Cabe señalar que Kenia ya venía avanzando hacia esto. El despliegue, que es una de las mayores implementaciones blockchain del sector público en el continente y una de las más grandes del mundo, no es un experimento aislado añadido a un comunicado ministerial. El Ministerio de Información, Comunicaciones y Economía Digital de Kenia había indicado desde octubre de 2025 que estaba explorando credenciales verificables y billeteras digitales para reemplazar por completo los certificados en papel bajo estándares internacionalmente reconocidos.
El despliegue de KNEC se inserta en esa trayectoria en lugar de iniciarla, y sigue un modelo que Avalanche ya ha ejecutado en varias jurisdicciones: digitalizar más de 700,000 registros de tierras en el distrito de Dantewada, India, y 42 millones de títulos vehiculares para el California DMV, y actualmente tokenizar 370,000 escrituras de propiedad valoradas en $240 billion en Bergen County, New Jersey. Los certificados de Kenia son simplemente la última incorporación a un patrón creciente de gobiernos que tratan las blockchains como infraestructura de registro, en lugar de rieles financieros especulativos.
Ahora, la pregunta sobre Nigeria. El fraude documental aquí no es un asunto marginal; es una industria. Más allá del escándalo de JAMB, investigadores que han examinado los organismos de exámenes de Nigeria han sostenido que la demanda de diplomas fraudulentos se ha convertido en un problema realmente masivo, uno que deja a casi todos los empleadores expuestos a credenciales falsas en algún momento, y artículos académicos han recomendado específicamente la verificación de identidad basada en blockchain para WAEC, NECO y JAMB a fin de restaurar la confianza en el sistema.

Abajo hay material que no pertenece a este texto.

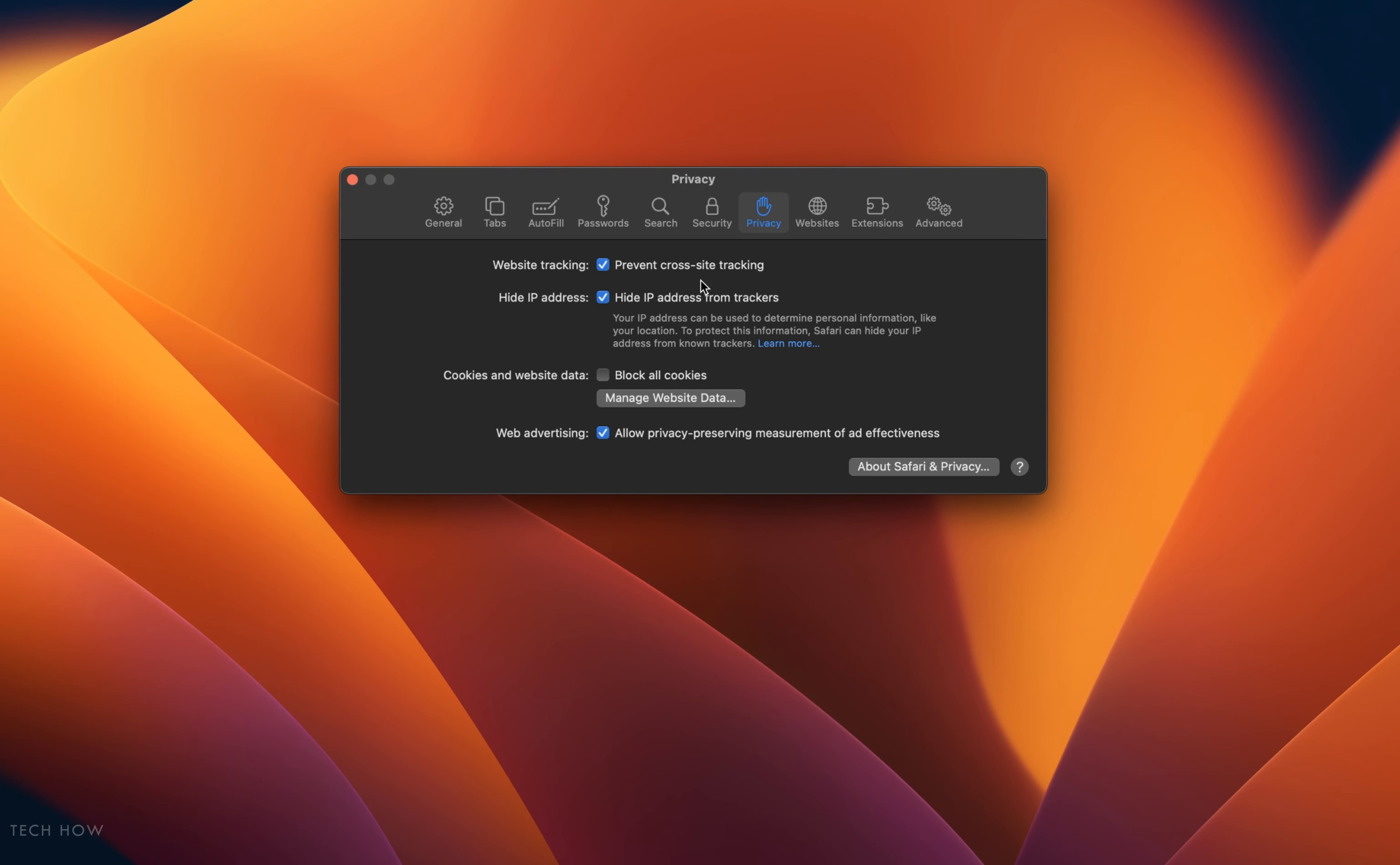In the Privacy section, make sure that the Block All Cookies option is disabled. This setting can be useful, but it can in turn also prevent some sites from loading properly.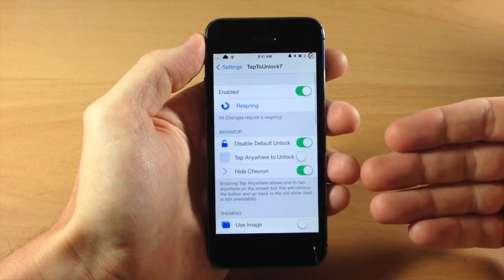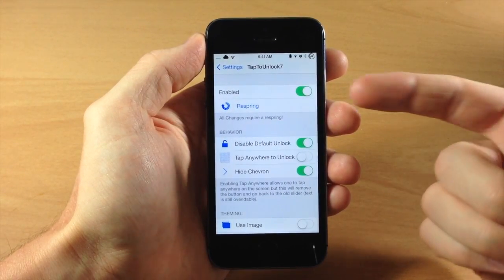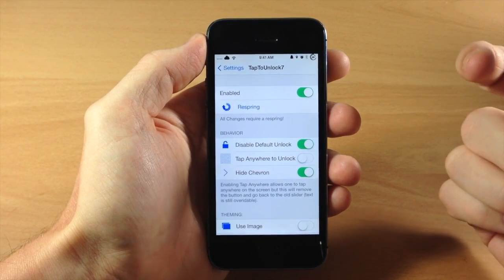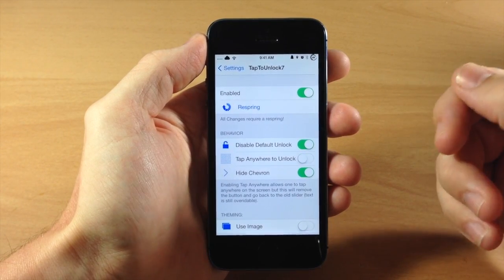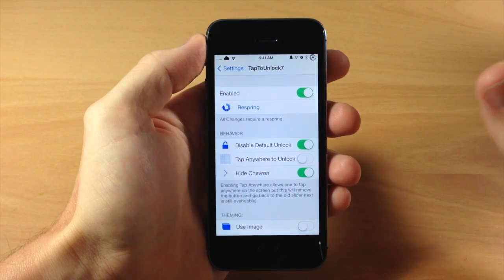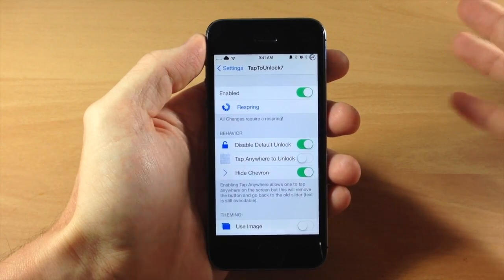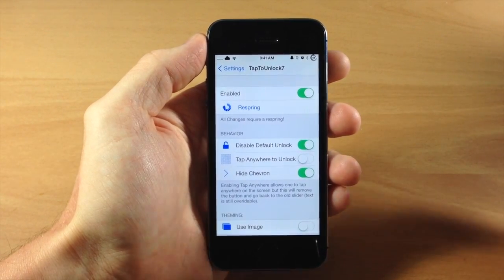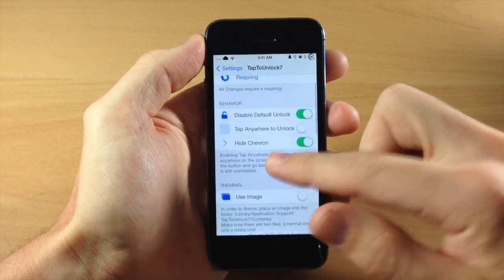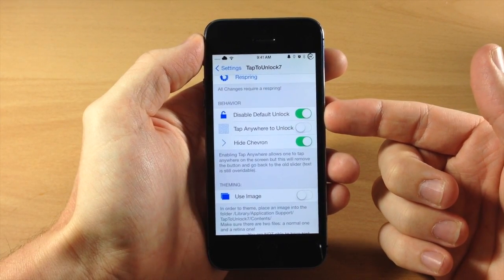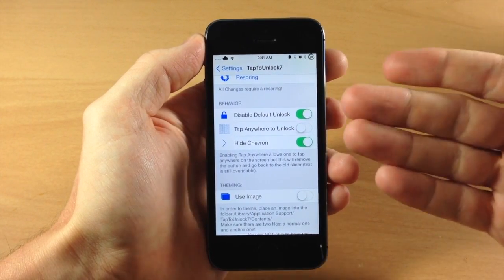If we tap on the settings panel you have an enable or disable toggle — a kill switch — as well as a respring button. All changes are going to require a respring in order to take effect, which is kind of a bummer but it's really not that big of a deal.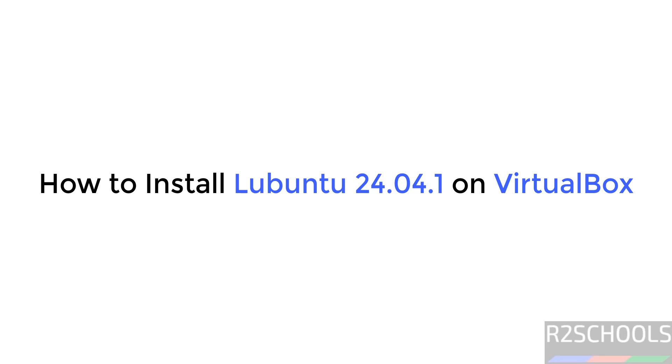Hello guys, in this video we will see how to download and install Lubuntu 24.04.1 on VirtualBox.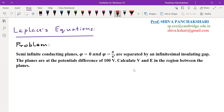The planes are maintained at a potential difference of 100 volts, and we have to find V and E in the region between the planes. The region between the two planes is insulating — the fields exist in the insulating medium between the two conducting planes. Within the conductors, fields are zero.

WAEC ya emite certificados con códigos QR vinculados a una base de datos de verificación y opera un portal de pago mediante PIN para las instituciones que revisan resultados. El portal e-Verify de NECO existe desde 2018. JAMB realiza sus propias comprobaciones separadas para candidatos de Direct Entry. Eso es progreso frente al papel puro, pero sigue siendo la misma arquitectura de la que Kenia acaba de alejarse: un sistema centralizado que un falsificador competente, o un infiltrado corrupto con acceso a la base de datos, aún puede explotar.
Lo que Nigeria no tiene es una capa única, unificada y a prueba de manipulación que abarque WAEC, NECO, JAMB, NYSC e instituciones terciarias, una que un empleador en Londres o una universidad en Toronto pueda consultar sin navegar tres portales distintos, tres estructuras de tarifas distintas y tres niveles distintos de confianza en la base de datos subyacente.
Precisamente esa es la brecha que cierra un registro anclado en blockchain, no porque la tecnología sea mágica, sino porque un libro mayor compartido y de solo adición elimina el incentivo para que la base de datos de una sola institución sea el eslabón débil al que apunten los falsificadores.
Un marco nacional, potencialmente construido conjuntamente por WAEC, NECO, JAMB y la NUC bajo una estructura compatible con la Nigeria Data Protection Act, podría anclar hashes de certificados del modo en que lo ha hecho KNEC, manteniendo al mismo tiempo los datos personales subyacentes fuera de la cadena y con acceso controlado. Investigadores académicos en Nigeria ya han propuesto versiones de esto usando plataformas como Celo, por lo que existe apetito interno; lo que falta es voluntad política y el tipo de coordinación a nivel federal entre organismos de exámenes que Nigeria históricamente ha tenido dificultades para sostener.
Kenia ha demostrado que el despliegue es técnicamente posible dentro de un único organismo nacional de exámenes. La prueba más difícil para Nigeria es si WAEC, NECO, JAMB y la NUC tienen la disposición para adoptarlo; esa es ahora la pregunta abierta.